* **About this task**: Copy nothing but the lines below running from the line containing "Rodonite – L’arte di ricucire il cuore" through the line containing "Used 2004 Nissan Xterra XE image 4", both end lines included.
··· Provided records
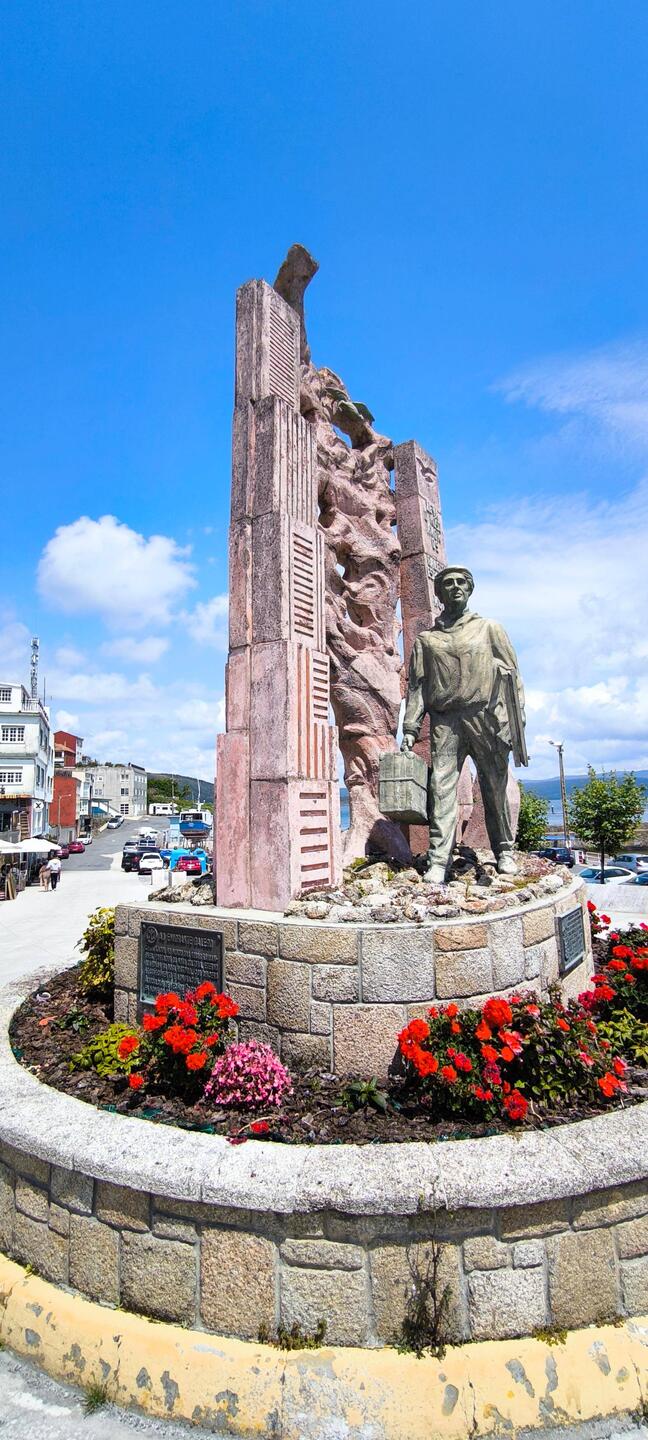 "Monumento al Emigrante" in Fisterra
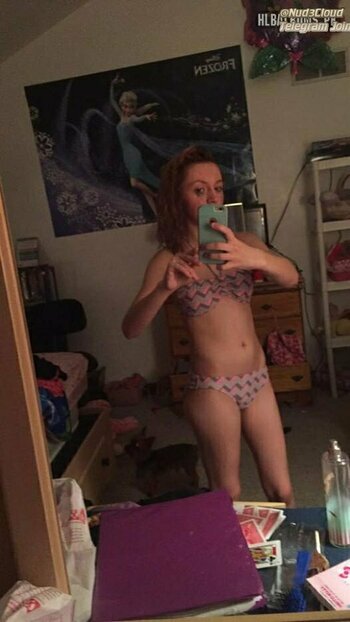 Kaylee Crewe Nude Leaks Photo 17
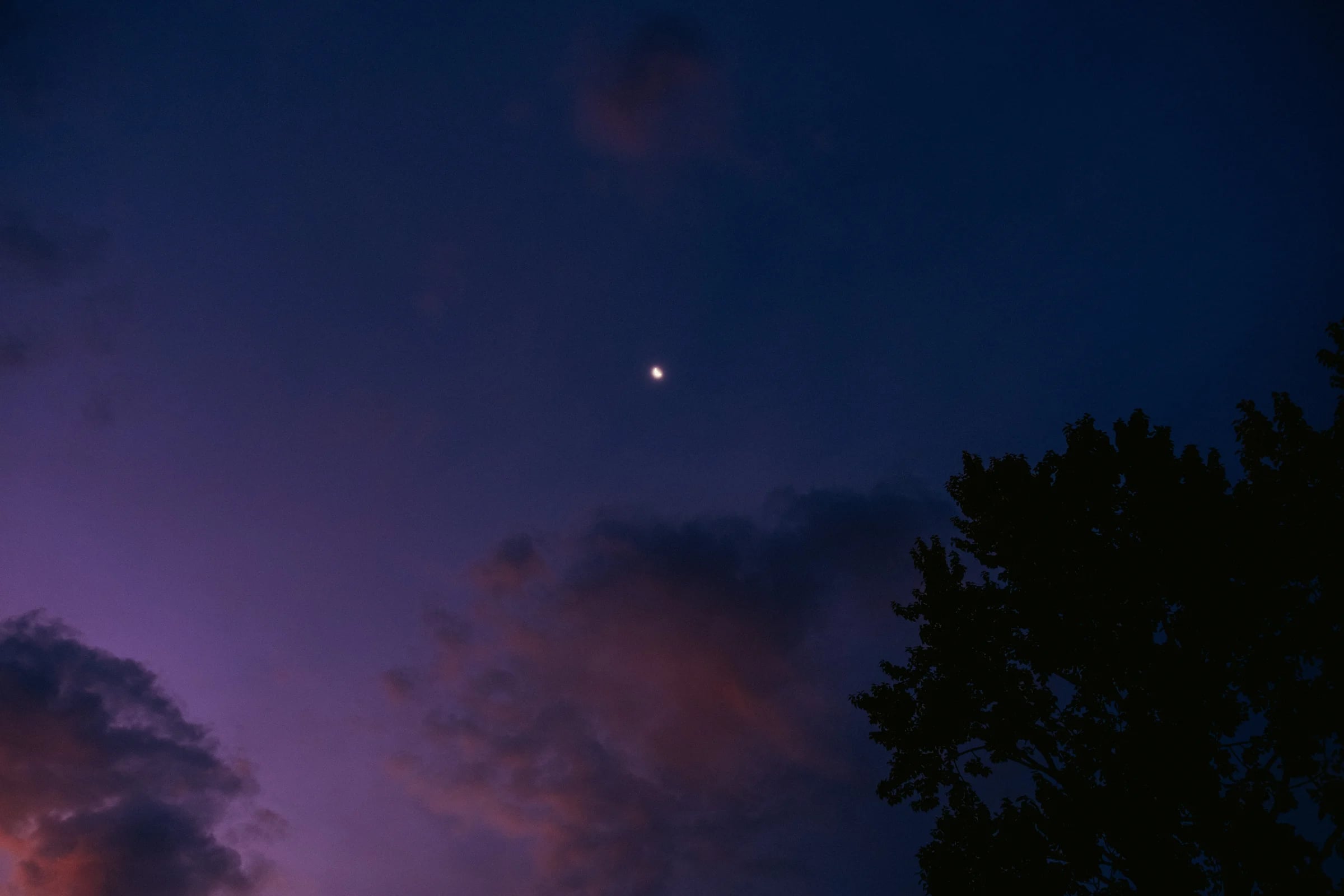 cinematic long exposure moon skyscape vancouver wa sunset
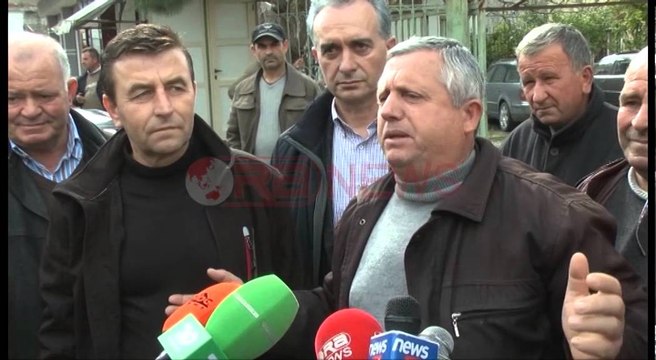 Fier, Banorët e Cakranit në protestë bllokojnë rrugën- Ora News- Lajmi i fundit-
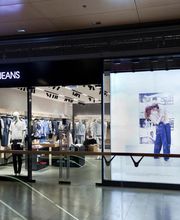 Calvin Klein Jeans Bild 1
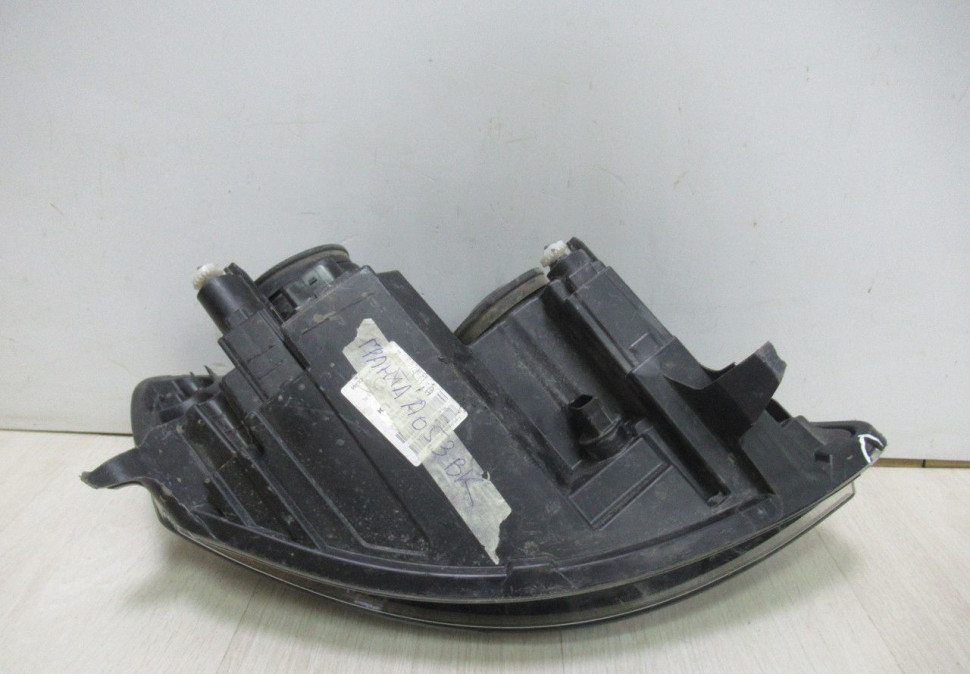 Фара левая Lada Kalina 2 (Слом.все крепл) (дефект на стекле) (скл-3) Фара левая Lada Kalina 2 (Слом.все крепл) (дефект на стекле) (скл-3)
······
··· Provided records
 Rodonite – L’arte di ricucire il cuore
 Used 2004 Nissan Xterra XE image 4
······
* **Exercise solution**:
 Rodonite – L’arte di ricucire il cuore
 Used 2004 Nissan Xterra XE image 4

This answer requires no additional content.